The University of Central Florida invention provides a low-cost system that can significantly reduce the annotation cost for videos. Video activity detection requires annotations at every frame, which drastically increases the labeling cost. As a solution, the UCF invention offers a way to greatly reduce annotation costs while using only a few annotations. An example application is preparing large-scale video datasets for various video analysis tasks such as video tracking, detection and segmentation.
Technical Details: The invention’s Active Sparse Labeling (ASL) algorithm identifies the usefulness of each frame of a video. ASL then suggests the frames and videos that can improve dense video understanding tasks such as activity detection in videos. Along with the algorithm, the invention uses a unique method called Spatio-Temporal Weighted loss (STeW loss) to train video models using datasets with sparsely annotated frames. The invention works in two stages, first, it trains a deep-learning video model using very sparse frames and then uses the trained deep-learning model to select more frames for annotation based on their utility value. When tested on public benchmark datasets, UCF-101 and J-HMDB, with more than 400,000 frames, the invention effectively reduced annotation cost by 90 percent and learned action detection in videos using only 10 percent of annotated video frames.

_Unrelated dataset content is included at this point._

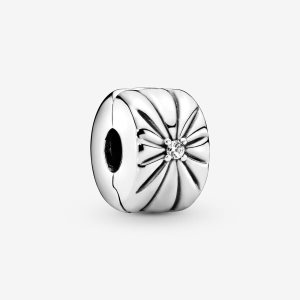 Clips Pandora Sparkling Sunburst Clip Plateados | BWVAZO132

Partnering Opportunity: The research team is seeking partners for licensing, research collaboration, or both.
Stage of Development: Prototype available.

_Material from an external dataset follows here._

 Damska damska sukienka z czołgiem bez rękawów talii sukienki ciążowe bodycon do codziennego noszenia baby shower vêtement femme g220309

Are All Frames Equal? Active Sparse Labeling for Video Action Detection, 36th Conference on Neural Information Processing Systems (NeurIPS 2022).
The University of Central Florida invention introduces a novel approach to person identification based on daily activities, addressing the limitations of traditional methods such as face recognition and gait analysis. Face recognition techniques, while advanced, often fail in real-world scenarios where facial features are not visible due to factors like long distances, environmental disturbances, occlusions (e.g., mask-wearing), and uncooperative subjects. Gait recognition, which analyzes walking patterns, also has limitations as individuals are not always walking in real-world situations.

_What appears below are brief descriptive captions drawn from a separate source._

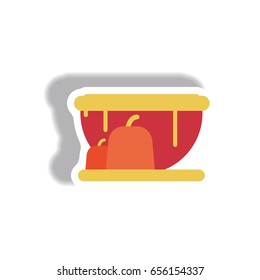 Vector illustration paper sticker Halloween icon bloody jelly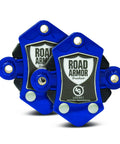 Close-up of blue Road Armor Trailair shock-absorbing trailer equalizers, tandem-axle kit, two-pack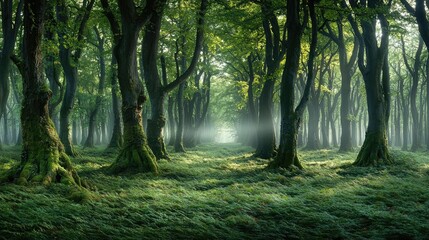 Obraz premium Rustic woods nature idea. Serene forest landscape with lush greenery and soft morning light filtering through trees.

This invention focuses on identifying individuals based on a wide range of daily activities, such as sitting, taking off a jacket, drinking water, and more. These activities provide unique behavioral cues that can be instrumental in identifying individuals even when facial information is unavailable. The approach leverages video analysis to process both biometric features (e.g., body shape, gait) and non-biometric features (e.g., clothing, background) from video data.
Technical Details: The UCF invention utilizes advanced video analysis techniques to process both biometric and non-biometric features from video data. Initially, an RGB video input containing a mix of biometric features (such as body shape and gait) and non-biometric features (such as clothing and background) is received. This video is passed through a sophisticated video encoder that extracts spatial-temporal features, which are divided into two streams. The "activity head" analyzes the specific activities depicted in the video, while the "actor head" distinguishes between the biometric and non-biometric features of the individual.
To enhance identification accuracy, the invention employs a bias-less distillation process, where a silhouette version of the video is processed through a teacher network to distill unbiased biometric features back into the main model, filtering out appearance-related biases. Additionally, a bias-learning technique distorts the original video to obscure biometric features while keeping non-biometric features intact, allowing the system to learn and compensate for appearance biases during training. The method concludes with a joint training process that refines both activity and actor features, enabling the system to use these enhanced features for accurate identification by comparing them against a pre-existing gallery of identities.